Exercise materials

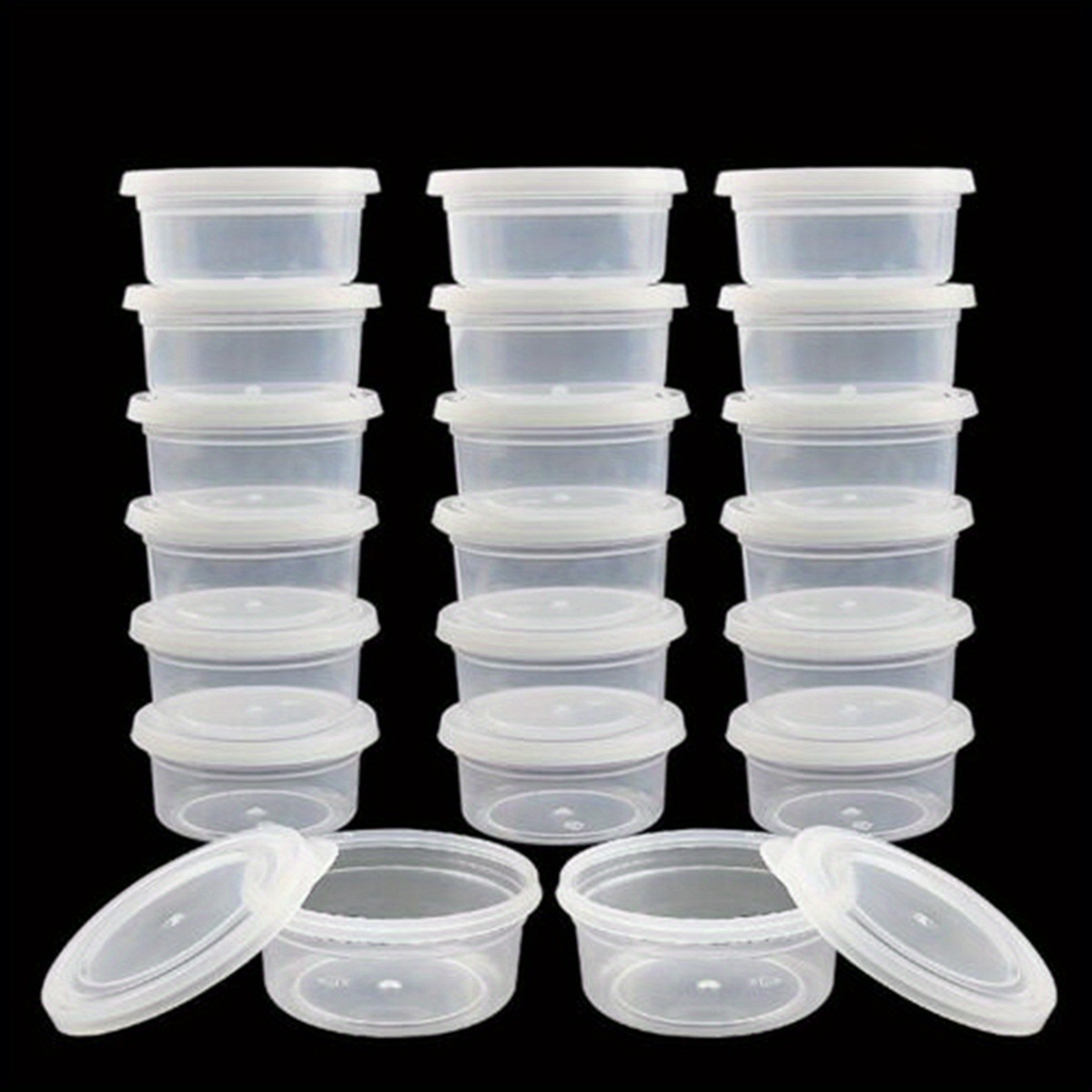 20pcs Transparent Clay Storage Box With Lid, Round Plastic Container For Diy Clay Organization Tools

* * *

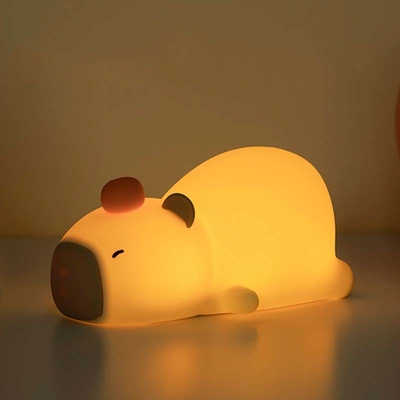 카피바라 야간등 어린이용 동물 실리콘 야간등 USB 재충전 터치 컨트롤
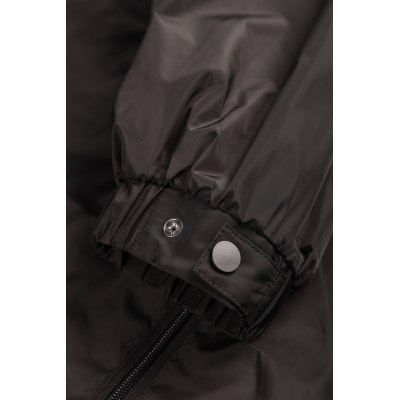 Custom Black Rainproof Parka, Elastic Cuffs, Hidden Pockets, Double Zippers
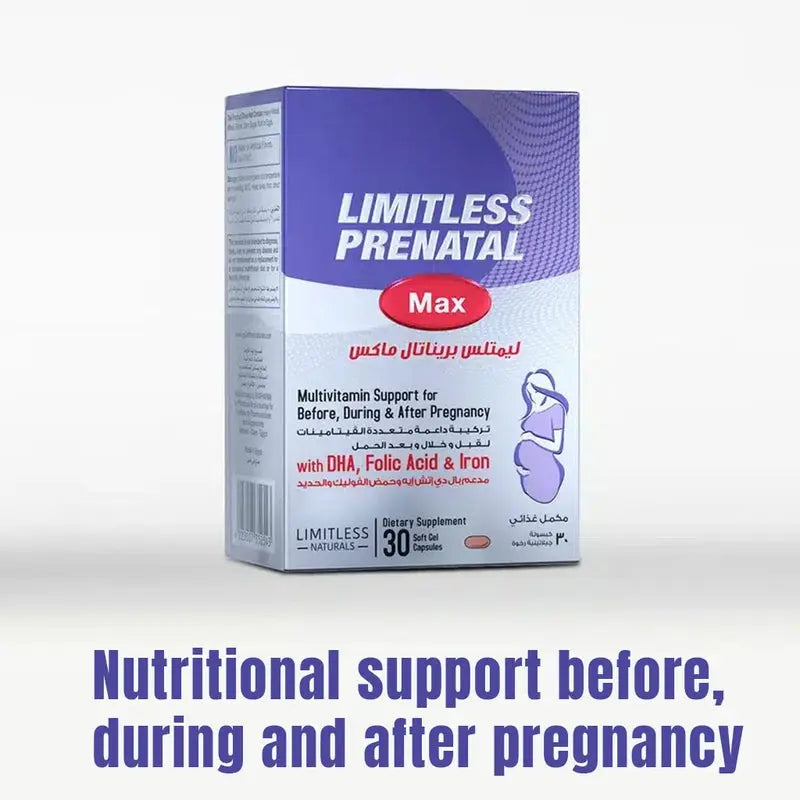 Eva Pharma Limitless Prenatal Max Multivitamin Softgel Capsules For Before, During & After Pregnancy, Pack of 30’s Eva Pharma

What is being asked
The result should be an exact copy of only the lines above from the one that holds "카피바라 야간등 어린이용 동물 실리콘 야간등 USB 재충전 터치 컨트롤" through the one that holds "Eva Pharma Limitless", both ends included, without pictures.

Exercise output
 카피바라 야간등 어린이용 동물 실리콘 야간등 USB 재충전 터치 컨트롤
 Custom Black Rainproof Parka, Elastic Cuffs, Hidden Pockets, Double Zippers
 Eva Pharma Limitless Prenatal Max Multivitamin Softgel Capsules For Before, During & After Pregnancy, Pack of 30’s Eva Pharma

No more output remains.